Image-backed grounding data:
####

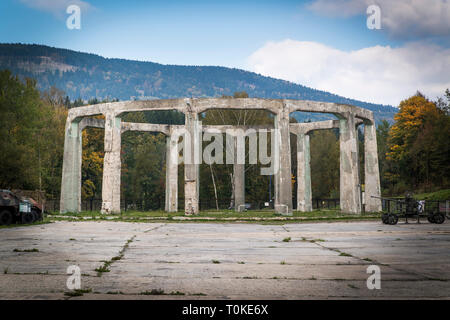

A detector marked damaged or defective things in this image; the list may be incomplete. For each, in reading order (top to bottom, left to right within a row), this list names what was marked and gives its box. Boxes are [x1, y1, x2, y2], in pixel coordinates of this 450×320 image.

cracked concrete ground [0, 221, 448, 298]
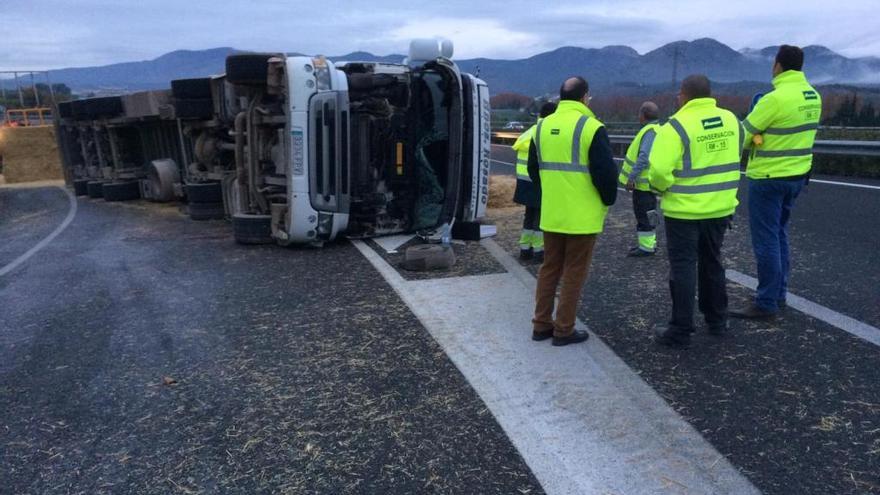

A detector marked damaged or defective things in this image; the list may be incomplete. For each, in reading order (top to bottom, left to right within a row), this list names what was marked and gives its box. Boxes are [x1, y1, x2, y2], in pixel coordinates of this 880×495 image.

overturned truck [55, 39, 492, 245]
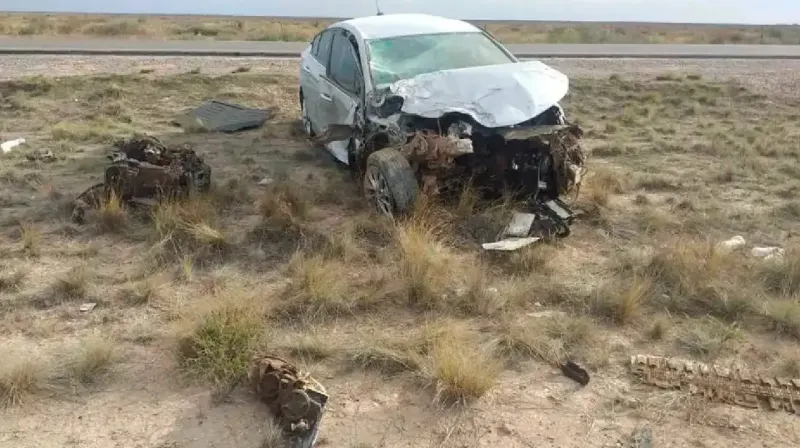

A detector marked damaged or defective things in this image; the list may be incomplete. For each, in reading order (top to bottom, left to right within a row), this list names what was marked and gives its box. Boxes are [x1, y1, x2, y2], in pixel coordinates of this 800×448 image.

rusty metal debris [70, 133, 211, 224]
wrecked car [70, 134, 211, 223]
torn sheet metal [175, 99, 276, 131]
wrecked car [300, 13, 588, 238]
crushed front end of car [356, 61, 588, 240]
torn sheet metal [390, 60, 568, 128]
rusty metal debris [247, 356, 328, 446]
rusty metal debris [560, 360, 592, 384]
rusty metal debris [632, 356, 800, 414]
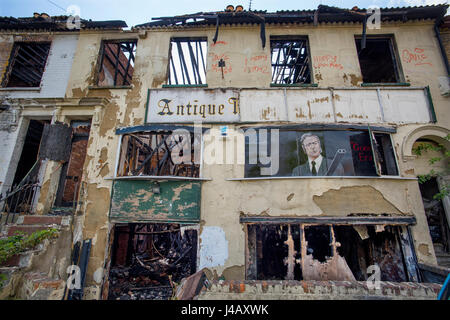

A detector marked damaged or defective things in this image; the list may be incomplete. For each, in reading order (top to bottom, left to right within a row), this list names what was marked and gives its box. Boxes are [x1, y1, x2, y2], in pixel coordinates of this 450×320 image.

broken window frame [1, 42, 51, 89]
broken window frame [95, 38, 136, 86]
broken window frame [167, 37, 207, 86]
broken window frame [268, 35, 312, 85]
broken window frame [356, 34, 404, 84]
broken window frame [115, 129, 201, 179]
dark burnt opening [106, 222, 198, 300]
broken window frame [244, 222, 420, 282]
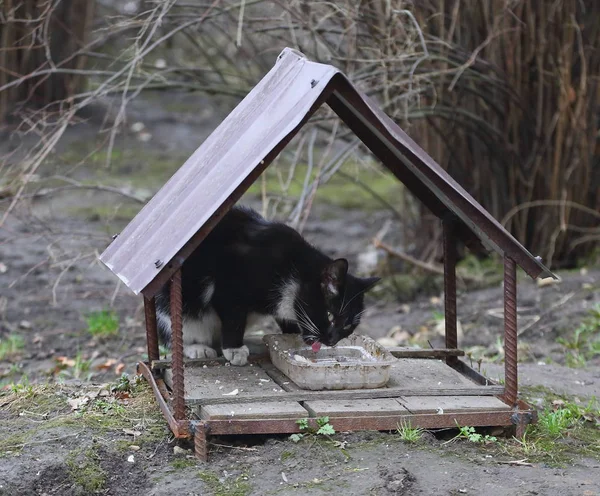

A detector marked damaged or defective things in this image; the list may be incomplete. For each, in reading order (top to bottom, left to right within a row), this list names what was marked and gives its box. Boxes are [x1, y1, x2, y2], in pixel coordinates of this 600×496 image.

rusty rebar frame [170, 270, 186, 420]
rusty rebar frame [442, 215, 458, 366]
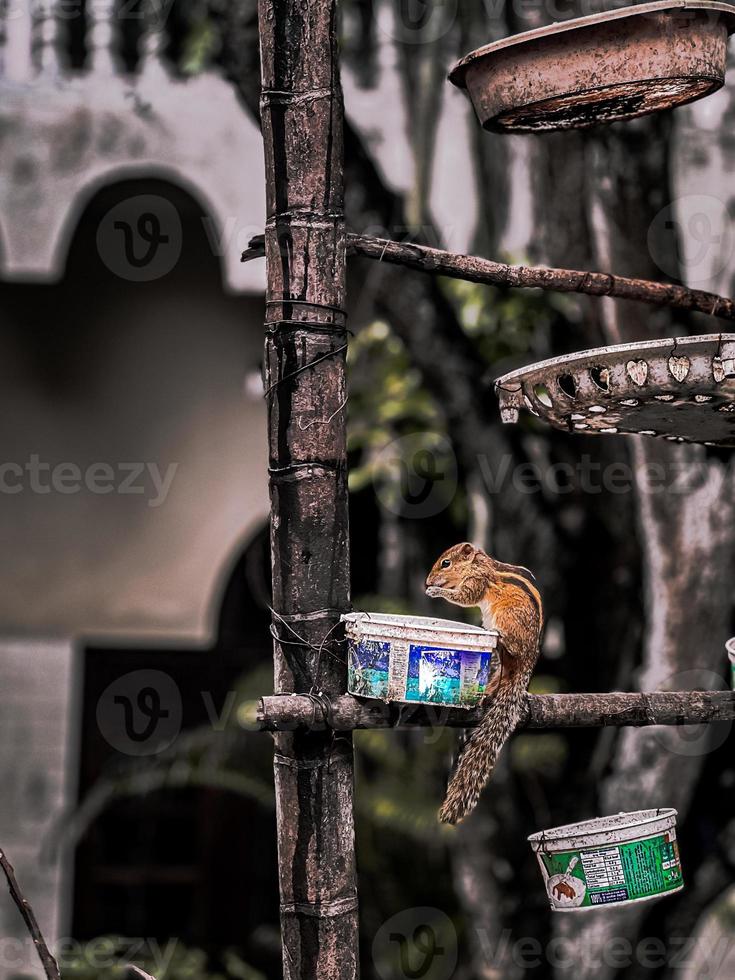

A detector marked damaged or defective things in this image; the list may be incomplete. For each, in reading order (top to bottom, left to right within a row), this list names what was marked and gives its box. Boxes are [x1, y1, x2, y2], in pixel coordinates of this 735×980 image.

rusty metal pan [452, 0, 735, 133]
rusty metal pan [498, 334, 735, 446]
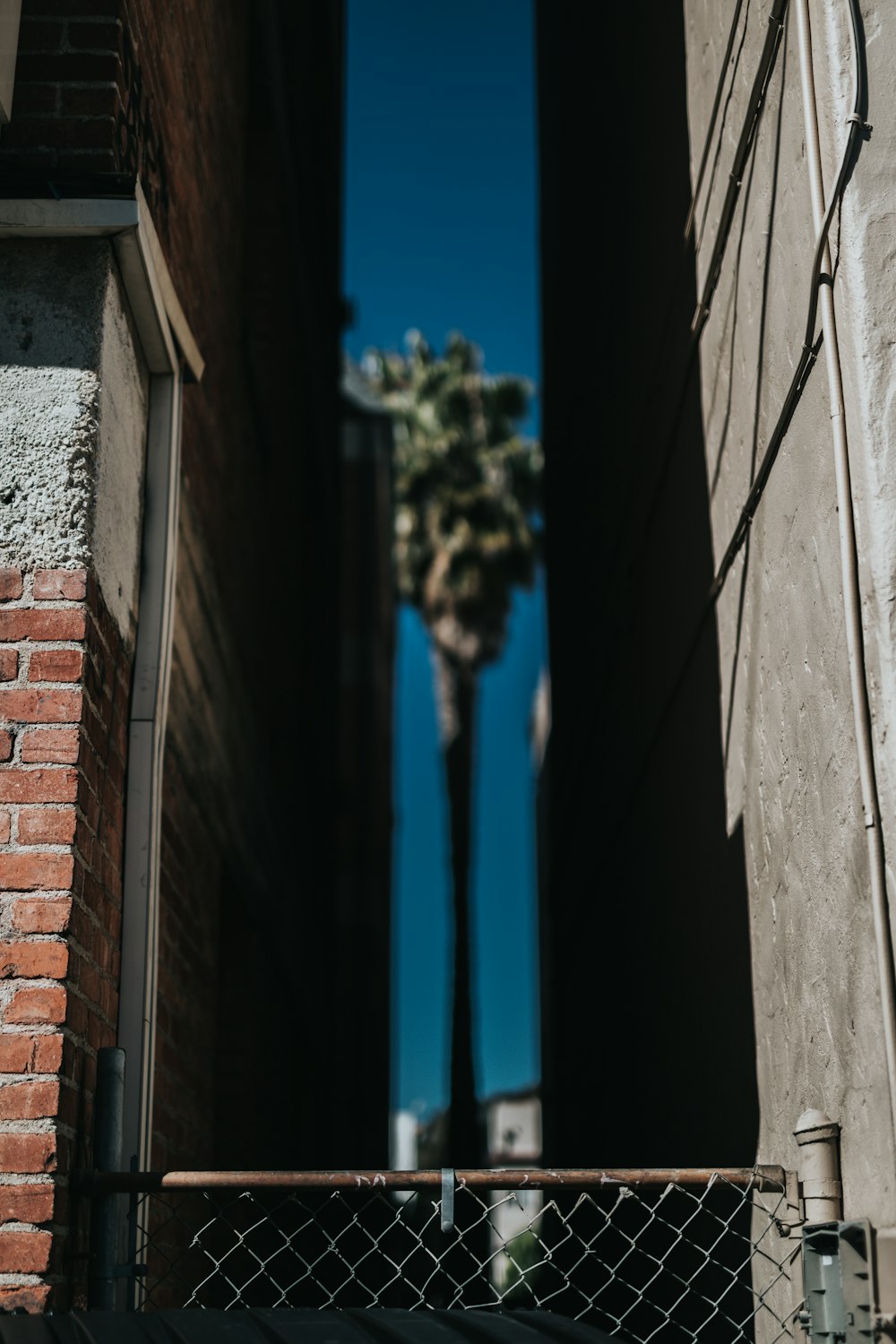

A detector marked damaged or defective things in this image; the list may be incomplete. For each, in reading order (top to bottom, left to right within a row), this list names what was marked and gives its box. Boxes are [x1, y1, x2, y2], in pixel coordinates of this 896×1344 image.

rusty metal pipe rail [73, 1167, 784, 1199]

####

> [Required action]
Extract every line from the one with "this 896×1344 image." down to the final line above, both included, exactly as written.

> [Solution to this problem]
A detector marked damaged or defective things in this image; the list may be incomplete. For each, in reading order (top to bottom, left to right within a row), this list names what was marked and gives its box. Boxes are [x1, y1, x2, y2], in pixel coordinates of this 896×1344 image.

rusty metal pipe rail [73, 1167, 784, 1199]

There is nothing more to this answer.